Supplied entries —
■ ■ ■

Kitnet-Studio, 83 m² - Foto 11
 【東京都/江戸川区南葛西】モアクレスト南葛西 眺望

■ ■ ■

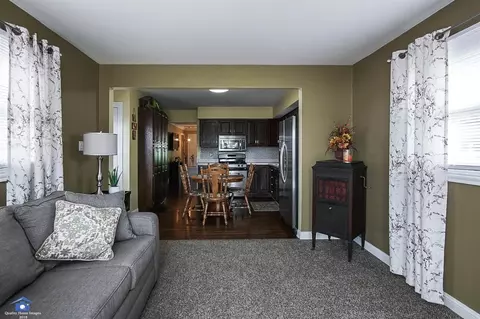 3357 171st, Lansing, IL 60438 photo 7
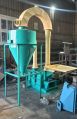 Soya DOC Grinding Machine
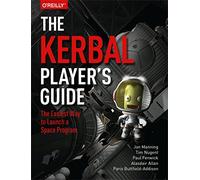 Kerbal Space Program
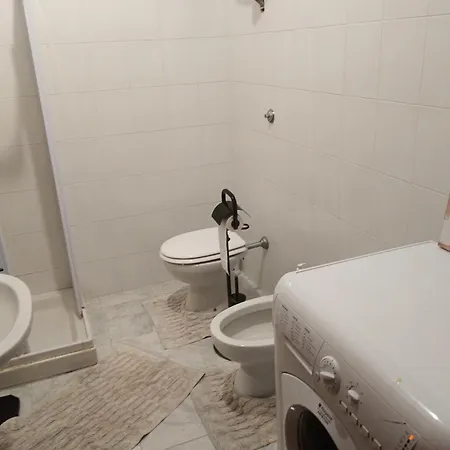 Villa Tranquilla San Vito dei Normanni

■ ■ ■

Work request —
Give back exactly, and solely, the section of the data above bounded by the line containing "Soya DOC Grinding Machine" and the line containing "Villa Tranquilla San Vito dei Normanni", both bounding lines included and pictures omitted.

Solution to this exercise —
 Soya DOC Grinding Machine
 Kerbal Space Program
 Villa Tranquilla San Vito dei Normanni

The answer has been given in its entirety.